O fato de Zohran ter se pronunciado sobre a crise em Gaza e sobre o financiamento dos Estados Unidos ao genocídio, enquanto vivemos localmente nossa própria crise social, impulsionou sua campanha.

Além disso, a campanha trabalha para abordar o racismo e os crimes de ódio de uma forma ampla e sistêmica. Ainda assim, Zohran tem sido alvo de islamofobia, inclusive por parte de outros representantes eleitos.

Que impacto a vitória de Mamdani nesta corrida primária — e a possível vitória nas eleições para prefeito em novembro — terá na política nos Estados Unidos de Trump?

É difícil prever como Trump vai reagir. Todos os dias fico chocada com o quão horrível e desumana é a sua agenda, especialmente nas questões de imigração.

Ao mesmo tempo, o Partido Democrata não apresenta uma política alternativa.

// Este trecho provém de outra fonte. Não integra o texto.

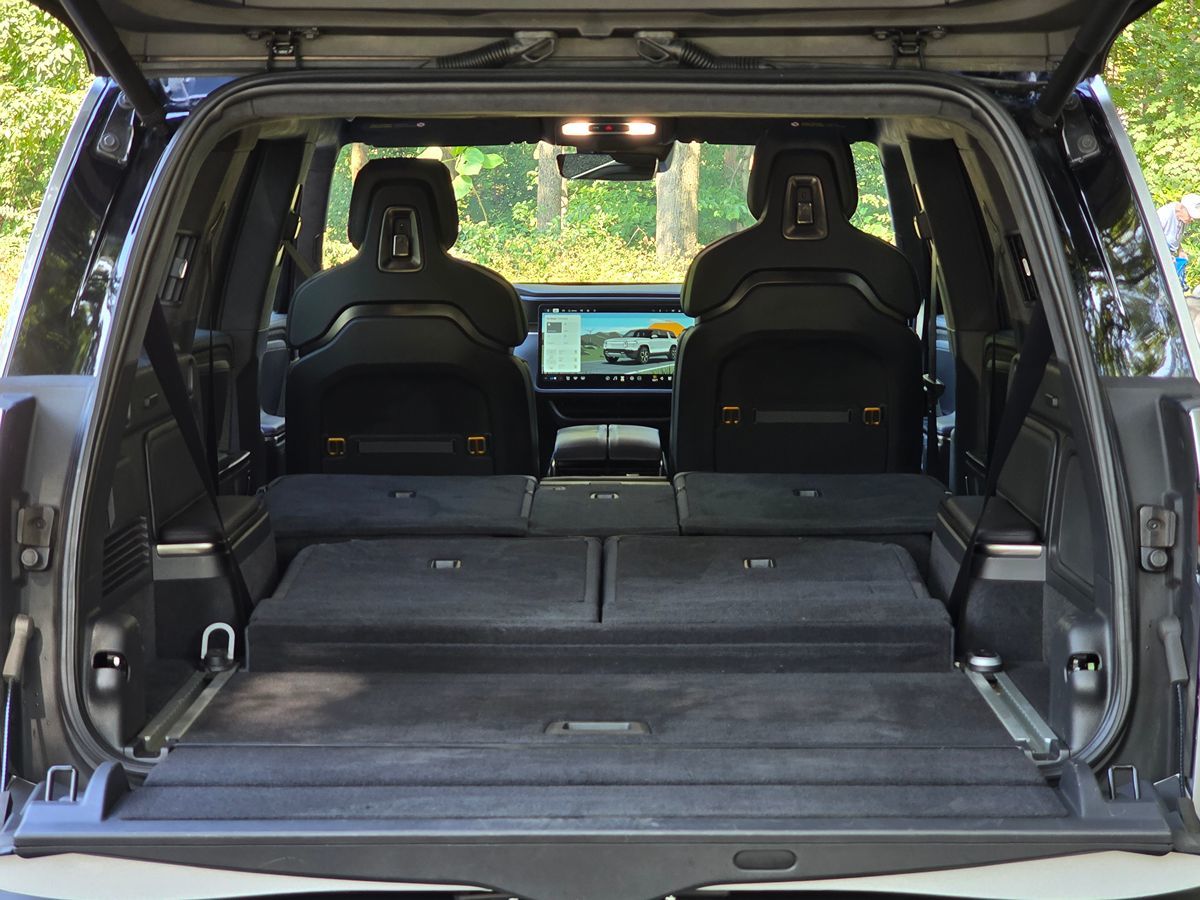 Rivian R1S photo 58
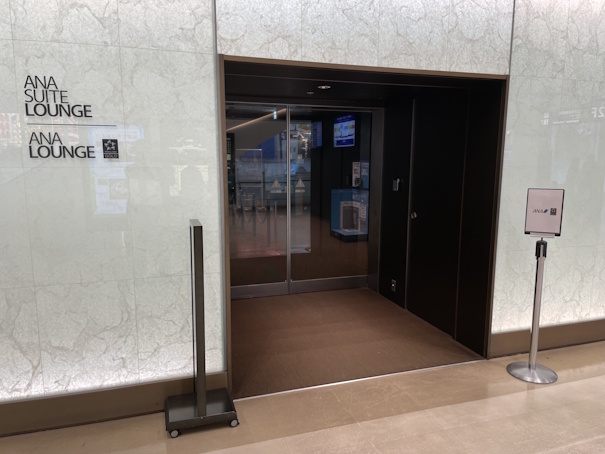 ANA PREMIUM CHECK-INの入口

Isso abre um espaço para o desenvolvimento da consciência de classe, com os trabalhadores se identificando com uma campanha de perfil socialista.

Acredito que muitas campanhas progressistas do establishment tentarão adotar parte da linguagem e das mensagens que Zohran usou para atrair votos, mas elas não terão a mesma consequência que Zohran e nós do DAS temos. Teremos que trabalhar para diferenciar esse falso progressismo da política socialista realmente ligada ao movimento.

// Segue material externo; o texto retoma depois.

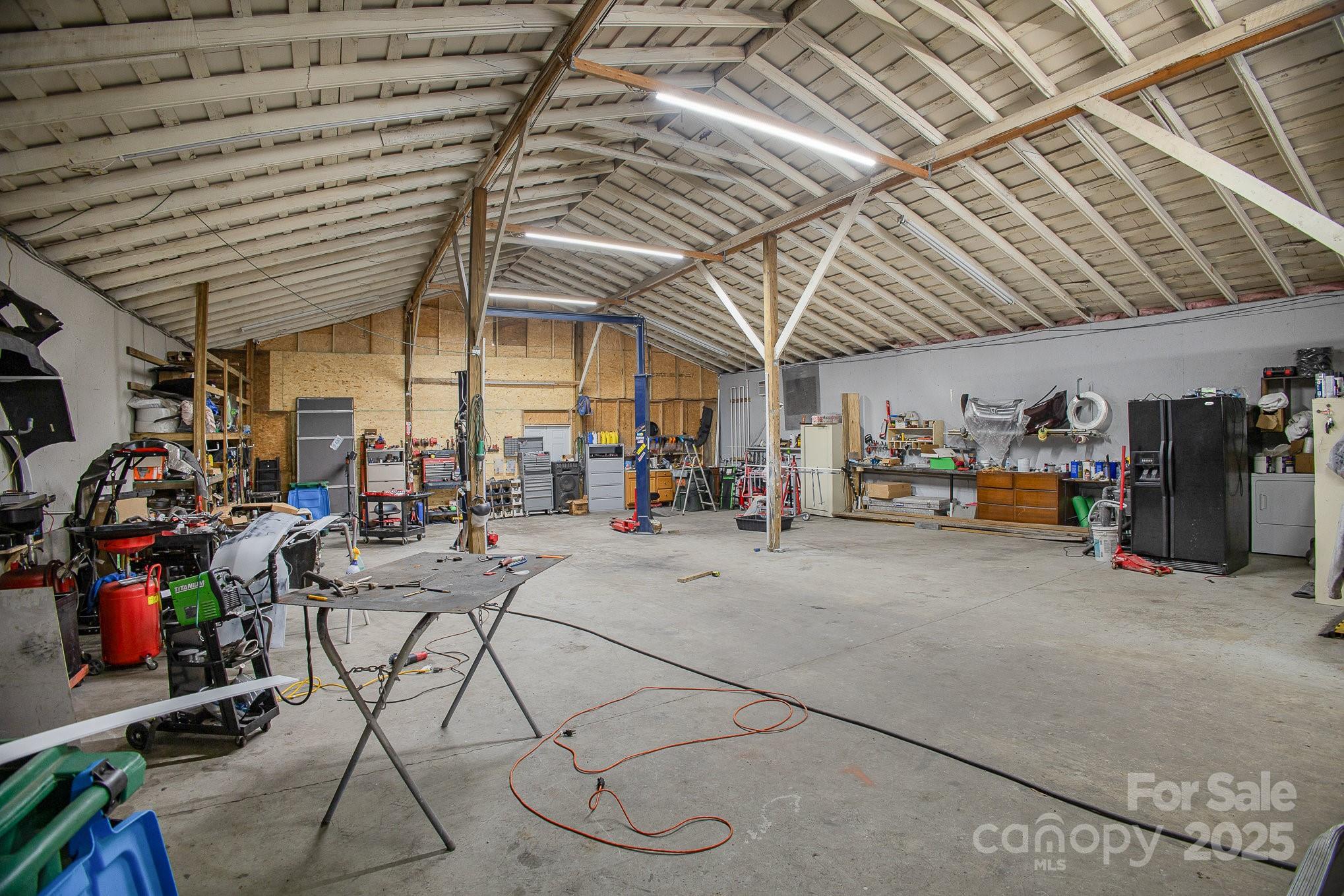 528 Charles Street Property Photo 8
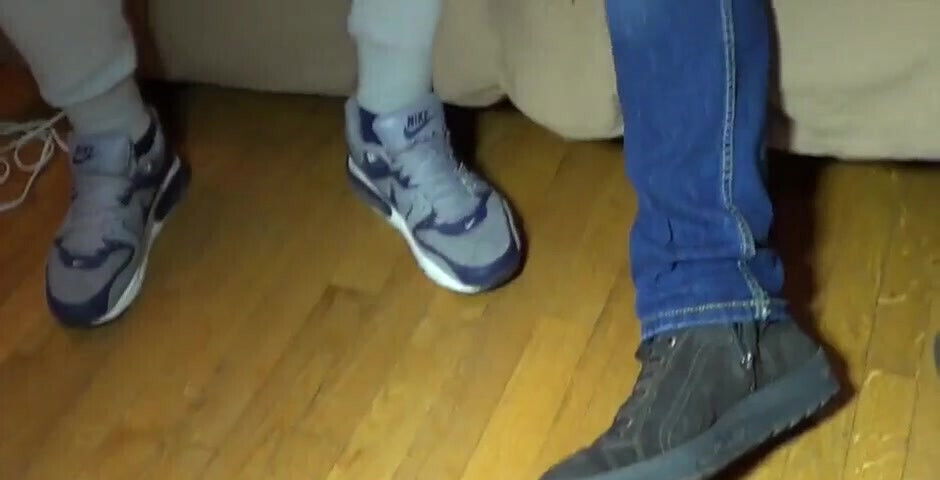 The French pornstar Aymeric Deville fucked raw by the beautiful Max Duro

A direita tentará usar Zohran para avançar sua agenda. Recentemente, tem havido colaboração entre o governo federal e o prefeito de Nova York — será interessante ver como isso se desenrola. Eric Adams, o atual prefeito de NYC, que está concorrendo como independente em novembro, tem se alinhado aos interesses de Trump. O Conselho Municipal entrou com um processo contra Adams por seu plano de apoiar a campanha de deportação de Trump na cidade, instalando o ICE em Rikers Island [onde fica a maior prisão de NYC].

É do interesse de Trump que Adams vença Zohran. Ele tentará fazer de Nova York um exemplo para outras cidades dos EUA. Teremos que criar uma frente [para defender] a rede de serviços, a política e os movimentos da nossa cidade contra essa agenda cada vez mais fascista.

O que a campanha de Mamdani revela sobre os pontos fortes e fracos dos socialistas que se envolvem com política eleitoral?

Muitas pessoas da classe trabalhadora só se conectam com a política durante as eleições, e ainda não se veem como gente que pode participar da política no cotidiano. É importante que usemos as urnas para mobilizar e entusiasmar as pessoas com a política socialista. Fazer campanhas que falem sobre o socialismo sem rodeios e que empolguem nosso movimento, como Zohran fez, é realmente importante para nós.

Usamos as eleições para organizar as pessoas, mostrar a elas uma visão melhor para o futuro e construir consciência de classe. A política eleitoral é uma ferramenta útil para conversar com as pessoas sobre a política socialista, construir poder, aprovar políticas institucionais e enfrentar a extrema direita. Devemos usar essas plataformas para dialogar com as pessoas sobre o que significa uma política socialista e para apresentar uma visão de futuro que vai além de votar no “mal menor”.

Ao mesmo tempo, reconhecemos que Zohran não pode implementar tudo sozinho. O grande poder financeiro continuará atuando após as eleições e será muito difícil implementar sua plataforma política. Ele enfrentará ataques de todos os lados, em todas as suas iniciativas.

Portanto, é preciso encarar esse momento como apenas o primeiro passo para construção de um amplo movimento, que apoie as ideias defendidas pela campanha.